Inhaltlich gibt man sich Mühe seriös zu erscheinen, das will aber – trotz Doktortitel (der Autor ist Dr. Oliver Pott) - nicht so ganz gelingen, unnötiges wie „(!!)“ stören das Gesamtbild, die „risikolose 1000€-Cash-Garantie“ tut ihr Übriges.
Glaubwürdigkeit:
Wie auch schon der Reiche Sack vermeidet es Dr. Oliver Pott nähere Angaben zu seiner Person zu machen.
„Founder.de“ legt großen Wert auf seine Kundenstimmen, diese versprechen sehr große Summen in kurzer Zeit.
Da die Kundenstimmen allesamt mit existierenden Website URLs und Email Adressen versehen sind, gehe ich auch hier davon aus, dass sie authentisch sind.
Die von Dr. Oliver Pott als Referenz angegebene Firma „blitzbox.de“ existiert, der Jahresumsatz von 2,5 Millionen Euro vor Verkauf ist ebenfalls nachweislich real.
„Founder.de“ existiert bereits seit Ende 2005 und hat daher den höchsten Bekanntheitsgrad der drei Testkandidaten.
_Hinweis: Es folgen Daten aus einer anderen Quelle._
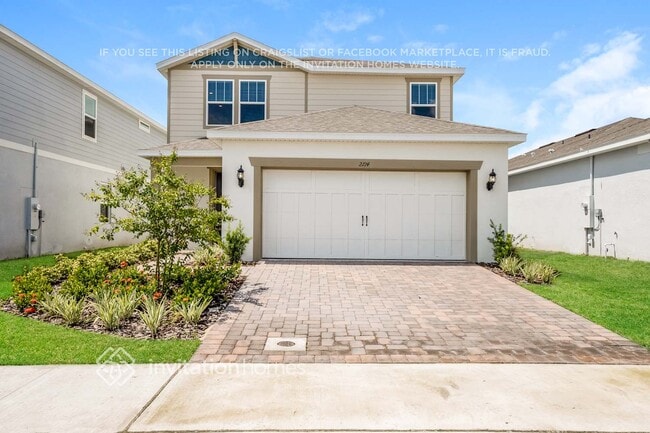 property at 2714 Serenity Gdn Dr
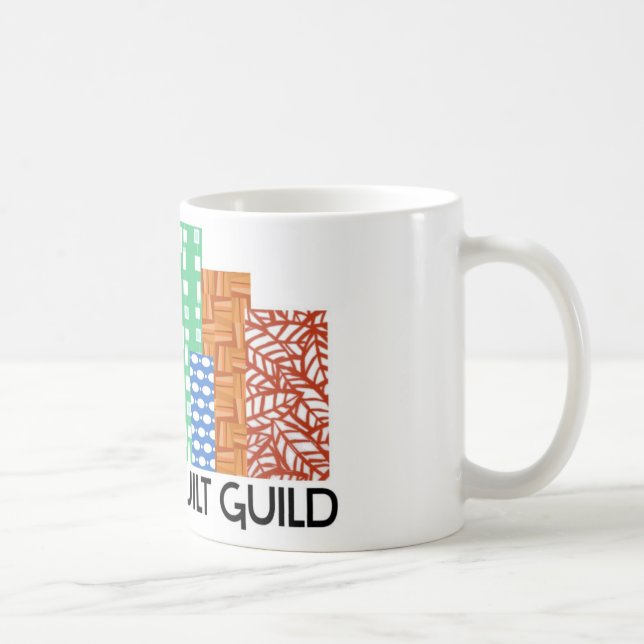 CMQG Coffee Mug 11oz (Right)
Es bestehen zwei Garantiern auf Founder.de. Zum Einen die ominöse €1000-Garantie, die besagt, dass man, wenn man nach 30 Tagen noch keine 1000€ mit dem im "Vollpaket" vermittelten Wissen verdient hat, den Kaufpreis zurückerstattet bekommt. Zum Anderen gibt es die 48 Stunden Garantie des ersten Reports. Diese besagt, dass wenn man mit diesem ersten Report nicht binnen 48 Stunden Geld verdient, sein Geld zurück bekommt.
Das Produkt:
Die Produktpalette von „Founder.de“ besteht im Gegensatz zu „Der Reiche Sack“ und „Der Millionär“ aus sechs einzelnen Reports à €14,95, die im Gesamtpaket auch für €49,95 erhältlich sind (die knapp €40 Ersparnis sollten Sie, falls sie Produkte von „Founder.de“ erwerben wollen, auch nutzen, denn einzeln kommt man mit den Reports nicht weit).
Diejenigen, die vorhaben, einen Webshop zu eröffnen, sind mit den Produkten von founder.de sehr gut beraten!
Sonstiges:
Seine E-Mailadresse bei Founder.de einzutragen zieht unschöne Konsequenzen nach sich. So wird mein E-Mailaccount quasi jeden zweiten Tag von Dr. Oliver Potts Spam E-Mails heimgesucht, in denen er entweder für teure eigene Produkte oder aber, noch schlimmer, mit nutzlosem Kram wie diversen Zeitschriften Abonnements, „Gratis“-DVDs, Handy-Werbung oder Kreditkartenangebote von Partnern bewirbt (Wir wissen, besonders bei Letzteren wird eine hohe Lead-Provision gezahlt). Ärgerlich.
Dr. Pott selbst merkt auf seiner Website an: "Leider tragen sich die Abonnenten heute sehr zögerlich in Newsletter ein - zu groß ist die Furcht, Spam-Opfer zu werden".
Sehr richtig, denn Dr. Oliver Pott selbst ist ein gutes Argument für diese Furcht.
Fazit:
Für Anfänger, die planen einen Webshop zu eröffnen und nur sehr wenig Kenntnisse vom (online) Marketing haben, sind die Produkte von „Founder.de“ durchaus geeignet. Diegebotenen Informationen gehen aber vielerorts nicht über das Anfängerniveau hinaus.